SAGE-Music: Low-Latency Symbolic Music Generation via Attribute-Specialized Key-Value Head Sharing
2510.00395v1
cs.SD, cs.AI, cs.LG, eess.AS
2025-10-04
Авторы:
Jiaye Tan, Haonan Luo, Linfeng Song, Shuaiqi Chen, Yishan Lyu, Zian Zhong, Roujia Wang, Daniel Jiang, Haoran Zhang, Jiaming Bai, Haoran Cheng, Q. Vera Liao, Hao-Wen Dong
Abstract
Low-latency symbolic music generation is essential for real-time
improvisation and human-AI co-creation. Existing transformer-based models,
however, face a trade-off between inference speed and musical quality.

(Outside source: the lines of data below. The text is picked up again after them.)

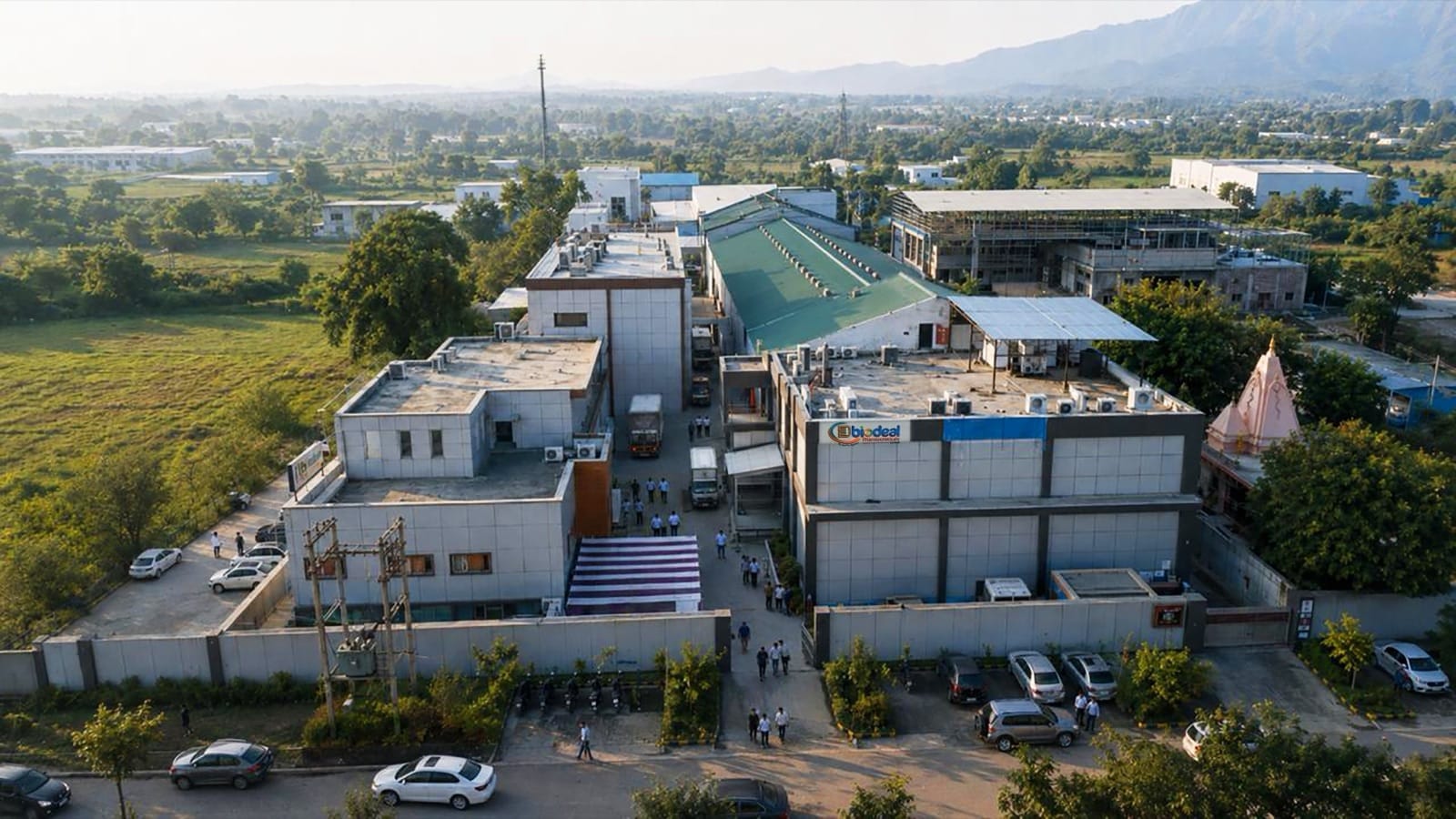Aerial view of Biodeal's manufacturing facility set against the Himalayan foothills at Nalagarh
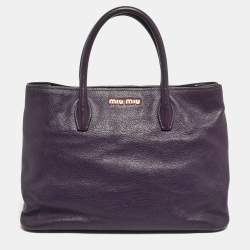 Pre Owned Miu Miu Purple Madras Leather Snap Tote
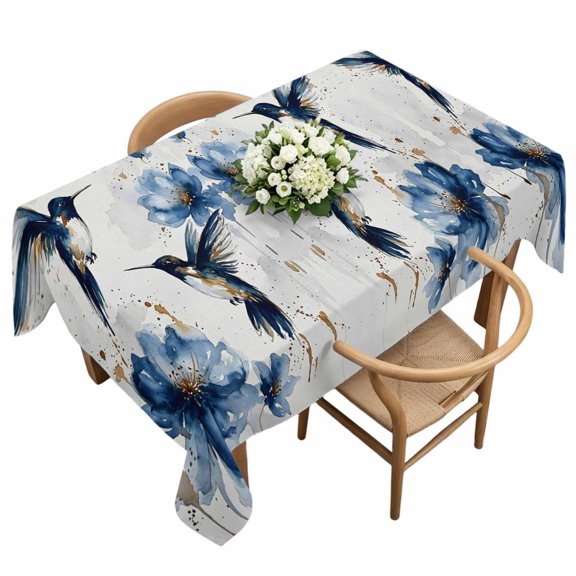Waterproof Tablecloth Hummingbird Bird Blue Flower Gradient Rectangle Table Cloth 60x120in,Wipeable Washable Table Cover Abstract Gold Splatter Tablecloths for Dining Tables Kitchen Picnic Ourdoor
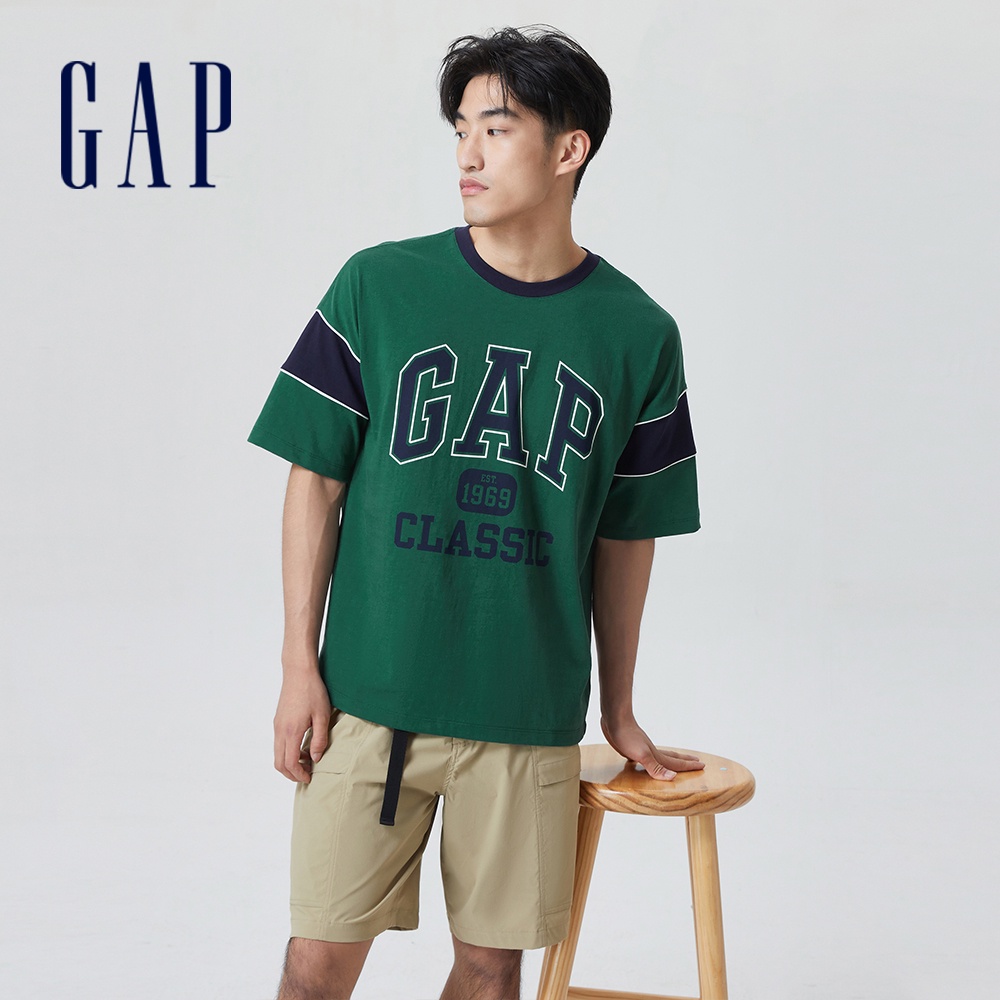 Gap 男裝 Logo純棉撞色短袖T恤 厚磅密織水洗棉系列-綠色(841967)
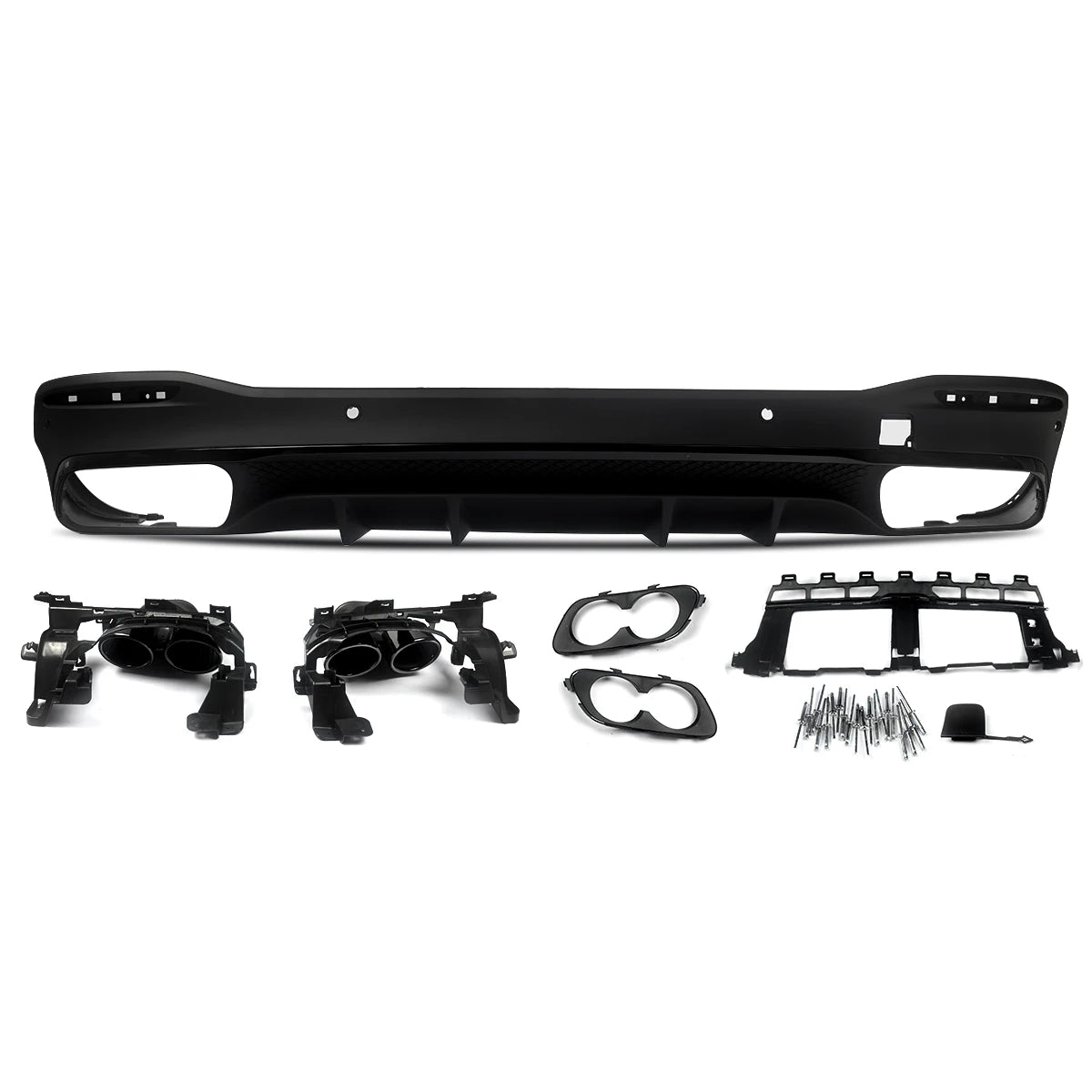 Mercedes-Benz GLE53 Rear Bumper Diffuser Lip + Exhaust Tips For GLE350 GLE400 GLE450 GLE580 2019+ Revix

Traditional acceleration techniques such as embedding pooling significantly
degrade quality, while recently proposed Byte Pair Encoding (BPE) methods -
though effective on single-track piano data - suffer large performance drops in
multi-track settings, as revealed by our analysis. We propose
Attribute-Specialized Key-Value Head Sharing (AS-KVHS), adapted to music's
structured symbolic representation, achieving about 30% inference speedup with
only a negligible (about 0.4%) quality drop in objective evaluations and slight
improvements in subjective listening tests. Our main contributions are (1) the
first systematic study of BPE's generalizability in multi-track symbolic music,
and (2) the introduction of AS-KVHS for low-latency symbolic music generation.
Beyond these, we also release SAGE-Music, an open-source benchmark that matches
or surpasses state-of-the-art models in generation quality.